In the SEM experiment, 10 g samples were cut and polished to create fresh flat surfaces; which can then be fixed to a copper sample stage with latex, naturally dried for 72 hours, and the surface coated with a 2 nm thick galvanized gold film to enhance electric conductivity. After preparation, the samples were observed under VEGA/LMU scanning electron microscope from TESCAN Company. In the FE-SEM experiment, shale blocks weighing ~2–3 g were selected and packed with epoxy resin in order to guarantee the integrity of the crumbly shale samples. A 5 to 10 kV high-energy argon ion beam from a JEOL IB-09010 argon ion polishing instrument (made in Japan) was used to bombard the sample surface, which removed of the atoms of the bombarded surface layer by layer, generating a smooth and flat ion etched surface. After polishing, a 10 nm thick carbon film was sprayed on the ion etched surface to enhance the conductivity, which improved the image quality. After sample preparation, a high resolution field emission scanning electron microscope (HITACHI-S5500) was used to take electron images of the microscopic pores on the etched surfaces.
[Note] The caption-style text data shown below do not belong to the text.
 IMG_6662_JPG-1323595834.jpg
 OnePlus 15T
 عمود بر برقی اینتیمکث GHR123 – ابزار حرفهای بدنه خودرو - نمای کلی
2.2.3 Low pressure N2 and CO2 adsorption.
Approximately 10 g of deoiled, dehydrated powders (less than 3 mm in size) were put into the sample tube, which was connected with a Quantachrome Nova 4200e apparatus. Each sample was degassed at 100°C for 8 h in a vacuum chamber prior to analysis to remove any residual volatile material. Then, the relevant experiment adsorbate (N2 or CO2) was injected into the sample tube. N2 adsorption isotherms were performed at 77 K with 20 points in a range of 0.01 < P/P0 < 0.985 with an equilibrium time of 120 s. A 30-point desorption isotherm was also performed from 0.2 < P/P0 < 0.985. Due to the wide range of relative pressures, this technique can be used to examine the micropores (<2 nm), mesopores (2–50 nm), and macropores (>50 nm). The surface area was calculated within a relative pressure range of 0.05–0.20 by the multi-point BET equation [22], pore volume and pore size distributions were calculated by the BJH (Barrett-Joyner-Halenda) method, using the adsorption branch of the N2 isotherms. This classical pore size model is based on the Kelvin equation assuming a cylindrical pore and corrected for multilayer adsorption [23].
Carbon dioxide adsorption isotherms were collected within a relative pressure range of 10−5–3.0 × 10−2 in an ice/water bath (273.15 K) with an equilibrium time of 90 s for each point. The PSDs up to 1.4 nm were determined from CO2 isotherms using the DFT (density functional theory) method, which can provide a more accurate approach to pore size analysis [24,25]. Micropore volume and surface area were calculated using the Dubinin-Radushkevich (D-R) equation [26,27].
2.2.4 High pressure mercury injection method.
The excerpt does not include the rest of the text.